Copy the data exactly from the line that contains "Pallat i Ri" through the line that contains "Singer Touch N", keeping both end lines and leaving out everything else.

===

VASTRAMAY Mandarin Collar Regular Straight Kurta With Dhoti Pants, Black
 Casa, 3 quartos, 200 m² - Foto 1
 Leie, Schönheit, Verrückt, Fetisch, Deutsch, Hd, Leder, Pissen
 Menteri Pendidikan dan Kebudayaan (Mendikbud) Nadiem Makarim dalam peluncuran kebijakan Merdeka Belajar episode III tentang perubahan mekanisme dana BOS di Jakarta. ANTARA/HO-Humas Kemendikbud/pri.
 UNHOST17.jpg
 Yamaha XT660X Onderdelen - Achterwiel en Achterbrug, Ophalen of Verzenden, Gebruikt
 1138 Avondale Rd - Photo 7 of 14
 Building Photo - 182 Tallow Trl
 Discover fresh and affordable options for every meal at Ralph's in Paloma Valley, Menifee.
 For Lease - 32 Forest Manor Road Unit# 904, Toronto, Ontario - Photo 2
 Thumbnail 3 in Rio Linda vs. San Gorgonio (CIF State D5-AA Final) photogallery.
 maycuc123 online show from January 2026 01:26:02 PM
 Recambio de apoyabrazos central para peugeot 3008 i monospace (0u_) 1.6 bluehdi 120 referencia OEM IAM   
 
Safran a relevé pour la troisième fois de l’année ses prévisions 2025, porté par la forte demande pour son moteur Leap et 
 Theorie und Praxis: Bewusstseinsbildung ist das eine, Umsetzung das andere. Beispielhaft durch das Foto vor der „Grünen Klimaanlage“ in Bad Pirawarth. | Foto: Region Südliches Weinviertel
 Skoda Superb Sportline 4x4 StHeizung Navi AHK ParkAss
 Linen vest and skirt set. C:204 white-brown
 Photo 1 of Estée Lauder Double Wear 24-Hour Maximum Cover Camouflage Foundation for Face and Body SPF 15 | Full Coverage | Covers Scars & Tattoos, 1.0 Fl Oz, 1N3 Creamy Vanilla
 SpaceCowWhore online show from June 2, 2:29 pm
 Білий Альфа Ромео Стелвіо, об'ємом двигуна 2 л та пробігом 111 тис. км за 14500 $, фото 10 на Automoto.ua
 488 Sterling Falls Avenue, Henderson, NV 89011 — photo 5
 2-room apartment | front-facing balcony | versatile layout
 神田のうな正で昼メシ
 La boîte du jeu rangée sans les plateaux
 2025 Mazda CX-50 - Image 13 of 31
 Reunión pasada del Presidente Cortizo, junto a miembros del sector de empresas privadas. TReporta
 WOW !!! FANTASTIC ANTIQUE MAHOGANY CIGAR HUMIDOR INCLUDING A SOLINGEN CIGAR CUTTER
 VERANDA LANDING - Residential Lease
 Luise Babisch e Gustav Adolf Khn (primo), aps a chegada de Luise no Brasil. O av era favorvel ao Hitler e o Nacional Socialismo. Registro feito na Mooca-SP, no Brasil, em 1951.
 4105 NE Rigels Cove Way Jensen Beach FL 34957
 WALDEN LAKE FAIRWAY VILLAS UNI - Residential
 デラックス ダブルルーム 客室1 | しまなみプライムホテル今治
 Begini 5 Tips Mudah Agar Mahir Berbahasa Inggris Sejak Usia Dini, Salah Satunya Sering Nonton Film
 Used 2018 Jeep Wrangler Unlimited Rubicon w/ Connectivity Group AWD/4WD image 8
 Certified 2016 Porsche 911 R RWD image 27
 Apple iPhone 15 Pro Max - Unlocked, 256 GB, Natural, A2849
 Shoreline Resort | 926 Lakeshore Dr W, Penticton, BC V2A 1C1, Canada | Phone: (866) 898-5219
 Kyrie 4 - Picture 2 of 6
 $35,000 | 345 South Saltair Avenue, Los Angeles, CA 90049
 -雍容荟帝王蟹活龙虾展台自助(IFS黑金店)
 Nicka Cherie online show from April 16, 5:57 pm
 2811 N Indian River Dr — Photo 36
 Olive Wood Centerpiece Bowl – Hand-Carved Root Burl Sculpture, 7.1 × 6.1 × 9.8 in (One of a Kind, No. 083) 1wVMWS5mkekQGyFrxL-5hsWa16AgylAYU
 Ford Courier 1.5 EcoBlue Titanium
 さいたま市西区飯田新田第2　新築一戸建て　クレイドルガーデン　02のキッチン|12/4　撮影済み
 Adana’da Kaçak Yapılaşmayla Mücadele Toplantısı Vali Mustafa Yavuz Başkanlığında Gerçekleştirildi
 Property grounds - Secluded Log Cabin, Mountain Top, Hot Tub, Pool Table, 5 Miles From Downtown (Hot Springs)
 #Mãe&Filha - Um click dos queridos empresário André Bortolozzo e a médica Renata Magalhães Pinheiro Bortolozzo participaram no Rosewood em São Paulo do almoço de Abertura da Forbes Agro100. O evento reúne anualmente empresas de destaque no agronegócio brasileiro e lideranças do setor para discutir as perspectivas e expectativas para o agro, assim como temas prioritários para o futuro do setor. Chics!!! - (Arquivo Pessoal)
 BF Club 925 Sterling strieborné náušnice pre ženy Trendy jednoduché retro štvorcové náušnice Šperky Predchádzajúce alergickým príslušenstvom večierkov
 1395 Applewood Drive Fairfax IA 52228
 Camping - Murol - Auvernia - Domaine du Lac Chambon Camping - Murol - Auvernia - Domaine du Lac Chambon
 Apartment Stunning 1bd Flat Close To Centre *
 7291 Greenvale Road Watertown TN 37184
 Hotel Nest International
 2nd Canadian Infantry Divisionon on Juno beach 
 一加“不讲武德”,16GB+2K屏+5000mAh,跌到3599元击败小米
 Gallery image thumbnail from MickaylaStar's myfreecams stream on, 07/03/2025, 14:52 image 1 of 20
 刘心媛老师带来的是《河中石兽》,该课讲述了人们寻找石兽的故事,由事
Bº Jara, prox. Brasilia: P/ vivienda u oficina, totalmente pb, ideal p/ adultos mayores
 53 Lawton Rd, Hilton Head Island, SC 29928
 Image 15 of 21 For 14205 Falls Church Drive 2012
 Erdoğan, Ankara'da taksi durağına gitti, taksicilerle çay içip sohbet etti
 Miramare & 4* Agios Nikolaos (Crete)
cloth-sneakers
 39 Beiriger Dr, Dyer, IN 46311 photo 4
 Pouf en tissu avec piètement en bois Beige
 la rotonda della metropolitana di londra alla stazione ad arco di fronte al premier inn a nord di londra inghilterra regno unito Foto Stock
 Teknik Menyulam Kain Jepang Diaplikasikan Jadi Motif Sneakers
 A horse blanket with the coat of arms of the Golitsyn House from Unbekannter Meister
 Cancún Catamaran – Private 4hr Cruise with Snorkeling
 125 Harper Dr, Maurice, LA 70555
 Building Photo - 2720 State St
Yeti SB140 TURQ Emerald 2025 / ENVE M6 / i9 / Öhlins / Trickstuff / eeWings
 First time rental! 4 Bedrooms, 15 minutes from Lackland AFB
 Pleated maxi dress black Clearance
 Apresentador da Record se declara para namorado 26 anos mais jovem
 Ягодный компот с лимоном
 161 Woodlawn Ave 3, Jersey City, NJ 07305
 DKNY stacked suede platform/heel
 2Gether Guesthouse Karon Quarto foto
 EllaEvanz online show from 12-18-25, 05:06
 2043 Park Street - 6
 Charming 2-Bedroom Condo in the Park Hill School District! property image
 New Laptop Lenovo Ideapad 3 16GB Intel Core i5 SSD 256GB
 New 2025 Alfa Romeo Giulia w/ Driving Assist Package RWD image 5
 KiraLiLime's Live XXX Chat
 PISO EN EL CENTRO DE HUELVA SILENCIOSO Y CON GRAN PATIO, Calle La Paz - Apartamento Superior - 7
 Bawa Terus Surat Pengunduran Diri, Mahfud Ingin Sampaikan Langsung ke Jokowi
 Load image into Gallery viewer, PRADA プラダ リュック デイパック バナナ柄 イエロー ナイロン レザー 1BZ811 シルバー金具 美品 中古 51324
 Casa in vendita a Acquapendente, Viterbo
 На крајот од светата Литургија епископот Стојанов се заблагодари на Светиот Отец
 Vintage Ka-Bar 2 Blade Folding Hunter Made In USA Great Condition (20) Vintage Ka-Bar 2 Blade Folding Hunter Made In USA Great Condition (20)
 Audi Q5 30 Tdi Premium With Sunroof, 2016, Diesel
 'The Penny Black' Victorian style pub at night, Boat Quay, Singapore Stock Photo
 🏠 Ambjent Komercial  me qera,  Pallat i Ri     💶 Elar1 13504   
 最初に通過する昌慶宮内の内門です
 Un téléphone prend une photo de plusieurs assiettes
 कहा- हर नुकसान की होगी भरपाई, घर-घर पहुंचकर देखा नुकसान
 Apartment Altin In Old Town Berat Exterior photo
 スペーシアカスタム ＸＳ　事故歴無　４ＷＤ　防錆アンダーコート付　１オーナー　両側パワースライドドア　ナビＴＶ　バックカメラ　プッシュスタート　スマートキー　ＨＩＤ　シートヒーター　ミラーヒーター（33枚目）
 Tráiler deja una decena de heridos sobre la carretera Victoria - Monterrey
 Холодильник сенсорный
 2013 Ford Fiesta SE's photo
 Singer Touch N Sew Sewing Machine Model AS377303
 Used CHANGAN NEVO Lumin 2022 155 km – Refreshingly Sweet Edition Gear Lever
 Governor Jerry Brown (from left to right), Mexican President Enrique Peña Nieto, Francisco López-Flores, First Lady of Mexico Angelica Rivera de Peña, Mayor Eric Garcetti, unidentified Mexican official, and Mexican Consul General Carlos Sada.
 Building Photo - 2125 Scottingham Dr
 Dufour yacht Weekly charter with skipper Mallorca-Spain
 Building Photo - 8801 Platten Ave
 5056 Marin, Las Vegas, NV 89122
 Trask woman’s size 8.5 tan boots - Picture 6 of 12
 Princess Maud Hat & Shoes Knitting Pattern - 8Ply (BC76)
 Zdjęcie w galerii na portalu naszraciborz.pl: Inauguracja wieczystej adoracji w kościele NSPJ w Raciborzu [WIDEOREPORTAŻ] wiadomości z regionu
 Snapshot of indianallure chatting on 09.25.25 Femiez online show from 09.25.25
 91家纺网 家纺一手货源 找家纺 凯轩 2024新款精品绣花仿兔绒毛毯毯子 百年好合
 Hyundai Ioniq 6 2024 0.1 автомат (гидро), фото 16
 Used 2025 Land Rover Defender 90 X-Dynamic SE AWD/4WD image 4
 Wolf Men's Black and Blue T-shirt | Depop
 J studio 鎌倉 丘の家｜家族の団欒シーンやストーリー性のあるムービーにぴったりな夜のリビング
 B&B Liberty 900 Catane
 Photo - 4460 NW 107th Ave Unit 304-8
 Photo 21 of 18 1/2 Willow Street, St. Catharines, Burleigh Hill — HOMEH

===

*Your solution:*
 🏠 Ambjent Komercial  me qera,  Pallat i Ri     💶 Elar1 13504   
 最初に通過する昌慶宮内の内門です
 Un téléphone prend une photo de plusieurs assiettes
 कहा- हर नुकसान की होगी भरपाई, घर-घर पहुंचकर देखा नुकसान
 Apartment Altin In Old Town Berat Exterior photo
 スペーシアカスタム ＸＳ　事故歴無　４ＷＤ　防錆アンダーコート付　１オーナー　両側パワースライドドア　ナビＴＶ　バックカメラ　プッシュスタート　スマートキー　ＨＩＤ　シートヒーター　ミラーヒーター（33枚目）
 Tráiler deja una decena de heridos sobre la carretera Victoria - Monterrey
 Холодильник сенсорный
 2013 Ford Fiesta SE's photo
 Singer Touch N Sew Sewing Machine Model AS377303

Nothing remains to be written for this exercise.